Fore! Being quite uncoordinated myself, I've sometimes wondered, does living near a golf course put you at risk of regular broken windows, courtesy of stray balls hit by inexperienced players? Seemingly not as often as I'd imagined. Golf Course House, located on the 13th Beach Golf Course Estate in Connewarre, just outside Barwon Heads, is thus far (touch a 3-wood) unscathed. Instead, the owners are left to enjoy stunning views over sand dunes across the 14th fairway. And, by my calculations, that makes it just a short walk to the 19th hole; location, location, location.
With the clients providing an inspo scrapbook including plenty of mid-century style, yet bound by strict design guidelines, Bespoke Architects managed to create a home that satisfies both. "The biggest challenge", explains the architect, "was obtaining the concrete block aesthetic from the mid-century that the clients desired while satisfying the Design Guidelines for no exposed blockwork. The solution was a reverse skin with the concrete blockwork on the inside face of the walls and silver top ash cladding on the outside."
Golf Course House doesn't give much away from the street, a laser-cut screen the only exception to a long timber wall. The cantilevered slab gives the home an impression of floating above the landscape, while a skillion roof rakes towards views of the golf course to the south (creating the perfect position for solar panels to help power the home). The northern master bedroom wing creates privacy from the road, while the rest of the home wraps around an east-facing courtyard, with views to a treed reserve.

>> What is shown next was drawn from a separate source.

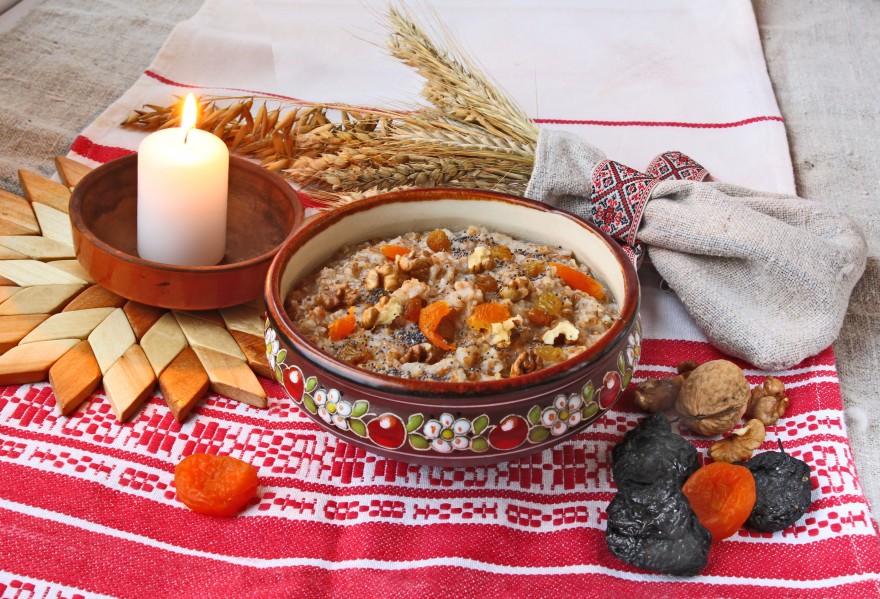 Pot with wheat porridge which is prepared on Christmas Eve Kutya is a traditional food on Christmas Eve.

The clients' love of mid-century design is evident throughout the home and their furnishings and artwork continue that theme. "There were several details that resonated and influenced the overall design: the cantilevered concrete floor slabs; exposed beams in the ceiling and wide eaves; [and] Laminex joinery."

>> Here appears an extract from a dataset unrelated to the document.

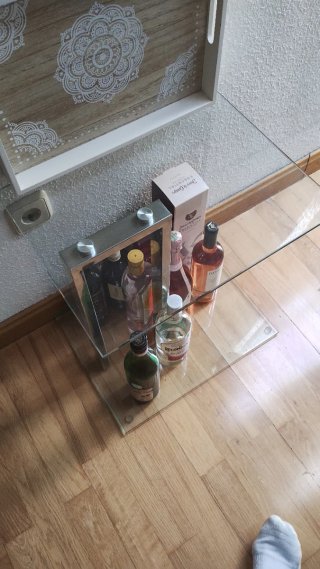 Mesa auxiliar cristal y metal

"Several rooms were given multiple uses", explains the architect, "the study can be a guest bedroom or additional entertaining space, the laundry is within the main bathroom. The width of the central hallway allows visual connection from the front entrance to the main living area at the rear while also being wide enough to display some of the clients' extensive art collection."
The architect has also incorporated some other features which help to maximise the flexibility of the home. They use changes in floor level to deal with the slope of the site, but also to delineate the different zones of the house. Sliding doors throughout help to break the home into smaller private spaces, with the flexibility to open the whole home up and bleed into the outdoors, making it feel much larger.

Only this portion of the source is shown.